Originally published at Perl Weekly 594
Hi there,
The Advent Calendar celebration begins with the start of December. For all Perl fans, we have Perl Advent Calendar 2022, thanks to the hard work of Olaf Alders and his team. I am sure you have checked out the amazing daily source of fun.
As of today, we have got through 12 days.
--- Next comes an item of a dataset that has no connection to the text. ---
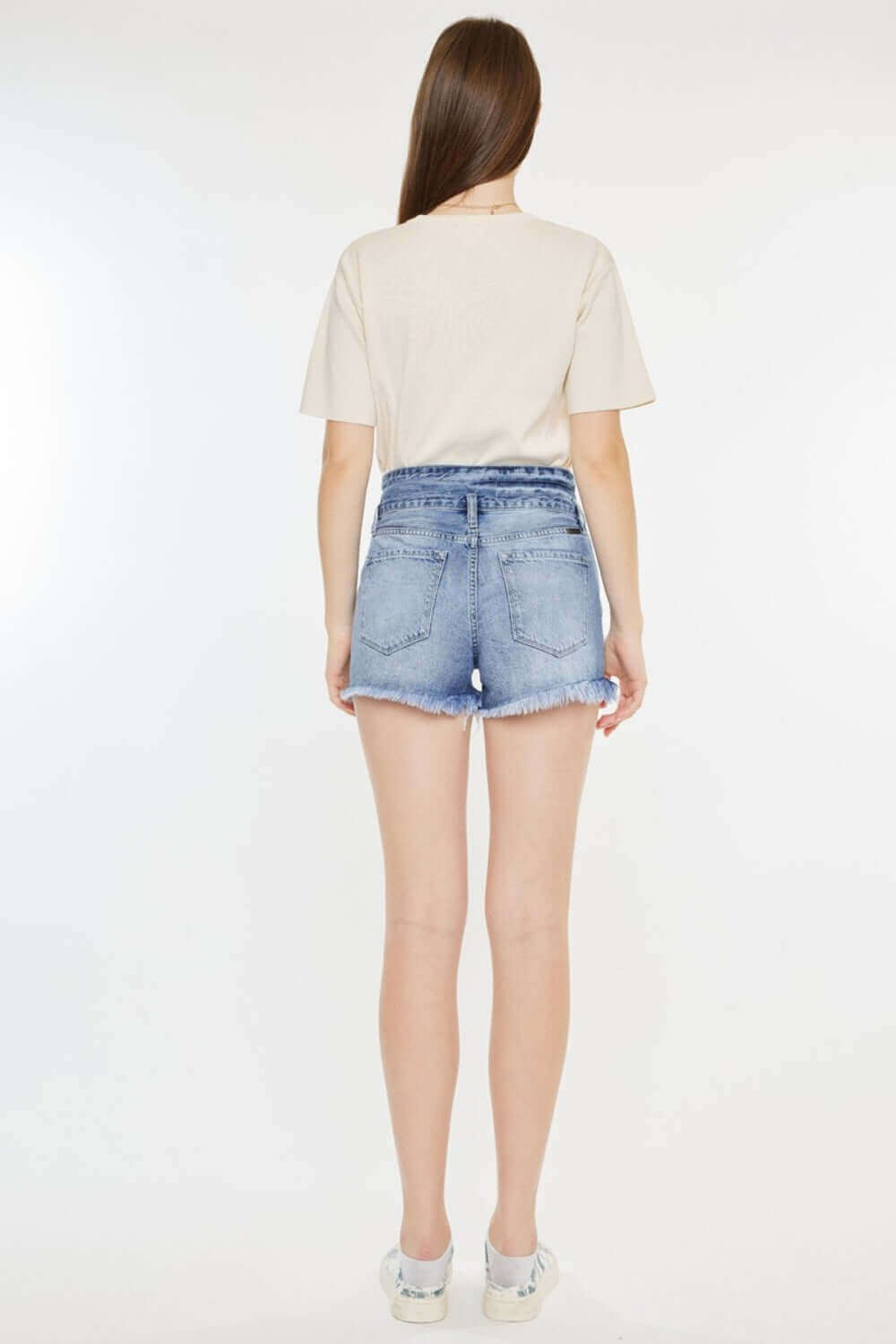 KANCAN High Rise Frayed Hem Denim Shorts at Bella Road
Do you have any favourite so far?
Well I do have mine. To me the best part is the festive flavour in every article. I find it amusing and fun to read the story. I have contributed in the past but never got around to add the spice. I would blame the lack of background knowledge. This year's calendar started with Toby Inkster creation Silent Mite. What a cool way to start the calendar. If you look at closely all the contributions so far, you would notice a fresh air with lots of positive energy. One name stands out very prominently this year is Thibault DUPONCHELLE. His first contribution, Santa is on GitHub was a nice way to begin the journey. Then found a gem from a very dear friend of mine, Julien Fiegehenn talking about good old friend CGI. In fact, I have seen him presenting the subject northpole.cgi at the Perl Conference. I found another piece of work by Thibault DUPONCHELLE about MongoDB. I found the Day 5 contribution Catching dreams is worth checking, if you want to explore MongoDB. If I am not mistaken then few years ago, Dave Cross shared his creation SVG::ChristmasTree in Perl Advent Calendar. I was happy to see it part of this year calendar too, not directly though. Day 8 started with A Perlmas Tree by Maximilian Lika. I found Day 11 contribution very technical dealing with signal ALRM. Not an easy subject to discuss in the Advent Calendar in my humble opinion. Thanks OODLER for the fine contribution, Wake up! Time to open presents!.
If you are still looking for more Advent Calendar theme fun then I would highly recommend, The Weekly Challenge Advent Calendar. Like in the past, this year also, it has contributions from Team PWC hand picked by me. I am sure you would find it interesting.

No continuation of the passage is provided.